The rebates were raised to 13 per cent from 11 per cent, the State Administration of Taxation announced on its Website.
They were cut in July last year to help ease trade frictions with Western nations.
“Exporters need higher rebates, as many of them rely on the rebate to make a profit,” said Tian Hao, general manager of ShanghaiMart, which organises regular trade exhibitions for textiles and clothing businesses.
This came after a slowdown in China’s textiles and garments exports, which rose 11.11 per cent in value in the first half of 2008, against the nation’s overall export growth of 21.9 per cent in the same period.
Most textile firms have been unprofitable in the first five months of 2008, a trade chamber official said.
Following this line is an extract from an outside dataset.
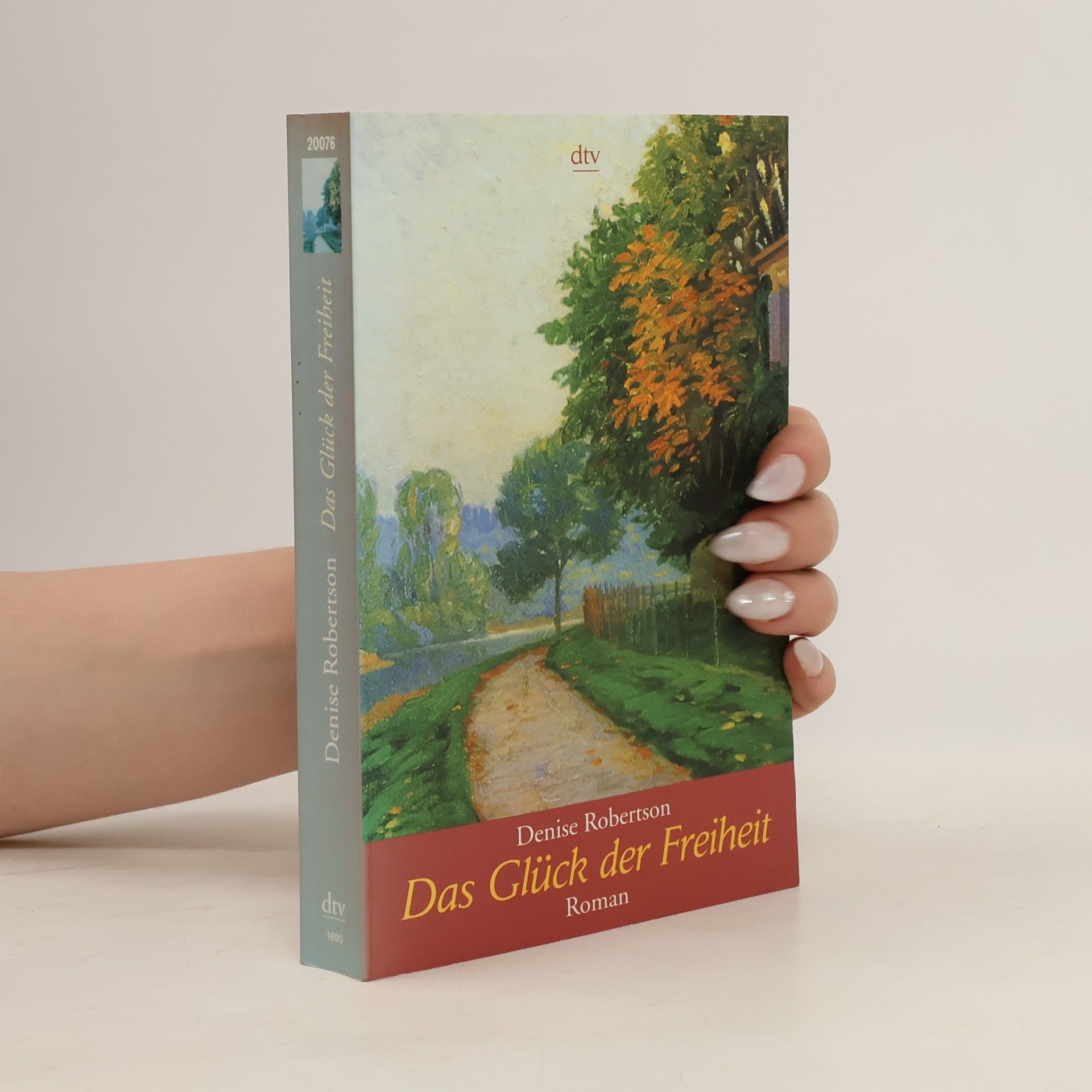 Denise Robertson Das Glück der Freiheit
The situation has forced the Ministry of Commerce to urge the Cabinet to rein in the yuan’s gains and boost export rebates.
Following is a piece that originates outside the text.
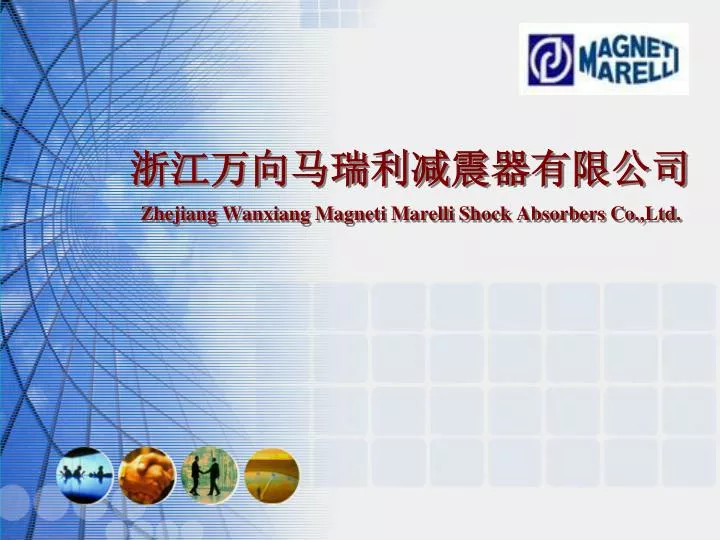 zhejiang wanxiang magneti marelli shock absorbers co ltd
Zhao Guangwang, a manager of Zhejiang-based Pinghu Yuechun Wool Sweater & Garments Company, which employs approximately 800 people and exports to the United States and Europe, said he had expected a rebate of 15 per cent, but he was happy to settle for 13 per cent.
“The government is doing what it should do,” Zhao said. “Still I worry that the benefits from the rebate rise will be erased in half a year with the yuan continuing to rise.”
The yuan climbed 0.33 per cent against the US dollar in July, the smallest monthly gain since March 2007.
It has appreciated 6.9 per cent so far this year, matching the full-year increase last year. Every percentage point gain in the yuan could affect sales margins by 1 to 4 per cent for garment exports, according to a China Merchants Securities (Hong Kong) report.
Even with higher rebates, the textile and garment industry has had to grapple with rising input prices and labour costs as well as the slowdown in international market demand.
“Companies should increase efforts to expand home markets to avoid over competition in exports,” China Merchants said. “They also should use more non-US dollar settlements to avoid the risk of the dollar’s depreciation.”
Source: China Finance Net (Link no longer active)
Foreign investors may be eligible to invest in mineral resource exploration
China will encourage foreign investors with mineral resource exploration experience or mineral financing capabilities to invest in mineral resource exploration. China will also encourage foreign-invested mineral resource exploration enterprises to engage in exploration activities via cutting edge technologies.
The ‘Administrative Measures for Foreign-invested Mineral Exploration Enterprises’ (Measures), jointly released by China’s Ministry of Commerce (MOFCOM) and the Ministry of Land and Resources (MLR), will take effect on 20th August 2008.
The aforementioned enterprises must apply for and acquire geological exploration qualification certificates for exploration activities that correspond to their qualifications.
The Measures also stipulate that foreign investors planning to list on foreign markets with their mineral exploration achievements in China must file a record in written form to the MOFCOM and the MLR.